The Governor's School of North Carolina is the nation's oldest statewide residential summer program for academically gifted high school students. Founded in 1963 at the urging of Governor Terry Sanford and his adviser John Ehle, the Governor's School was originally funded by a Carnegie Corporation of New York grant and donations from Winston-Salem businesses. In 1966 the General Assembly decided to continue the school with public funds, and in 1978 Governor James B. Hunt Jr. expanded the school to a second campus. The program is open to rising seniors, with exceptions for rising juniors in the performing/visual arts area. Offering a noncredit, six-week curriculum, the school is located on two campuses with 400 students at each: Governor's School West at Salem College in Winston-Salem and Governor's School East at St. Andrews Presbyterian College in Laurinburg.
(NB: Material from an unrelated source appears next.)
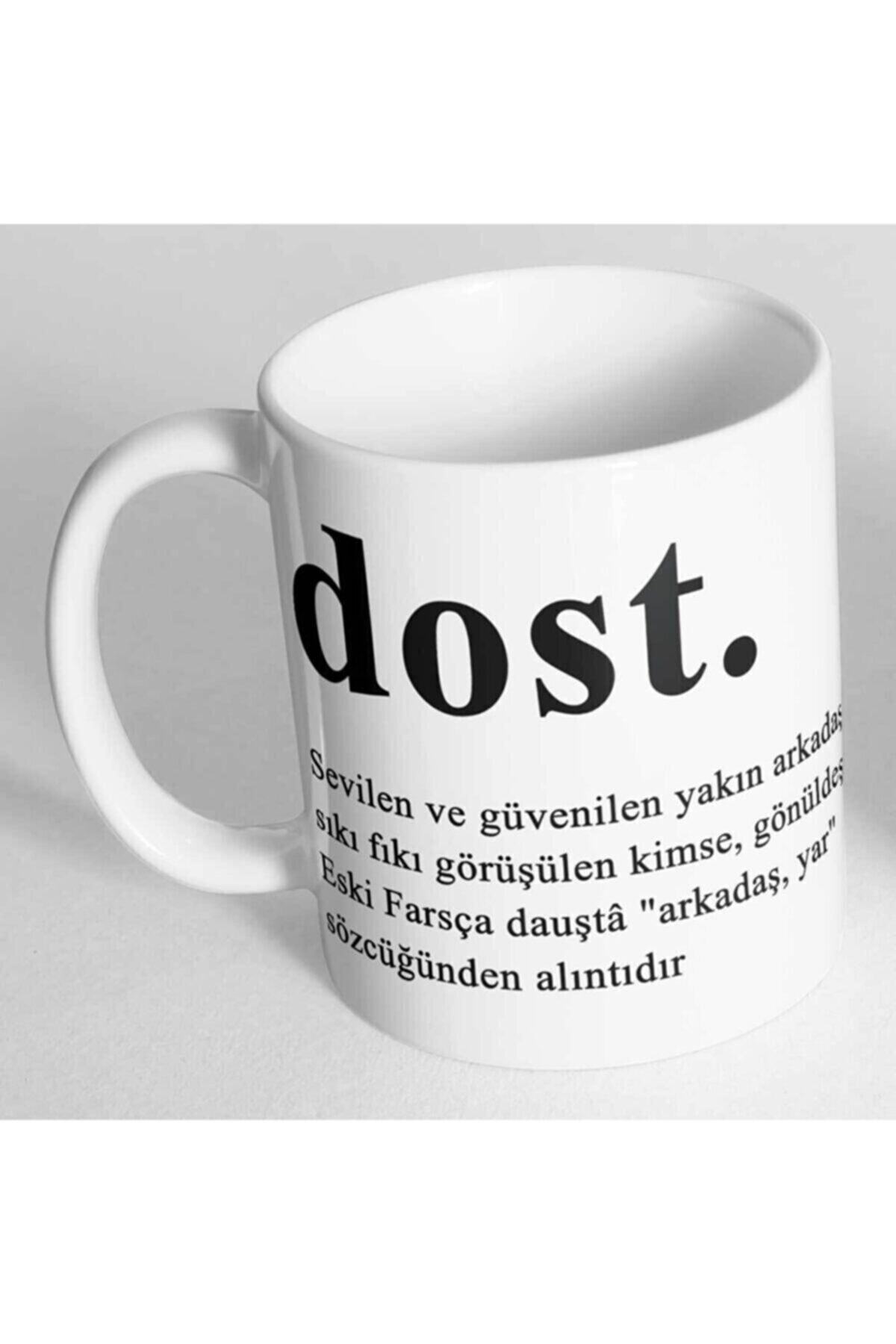 Dost Kelime Anlamı Baskılı Kupa Bardak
The State Board of Education and Department of Public Instruction, through the Exceptional Children Division, administers the Governor's School. A board of governors appointed by the State Board of Education serves the program in an advisory capacity. With an emphasis on the study of twentieth-century theories as they relate to the past and the future, the school's curriculum is divided into three major areas. In Area I, students explore their chosen subject area. Area II relates that chosen subject to other topics and fields of study on the abstract level through an investigation of philosophy, ethics, epistemology, and aesthetics. In Area III, students explore the interaction of self with society, learning about their own values, morals, and thought processes. There are no tests, no grades, and little homework.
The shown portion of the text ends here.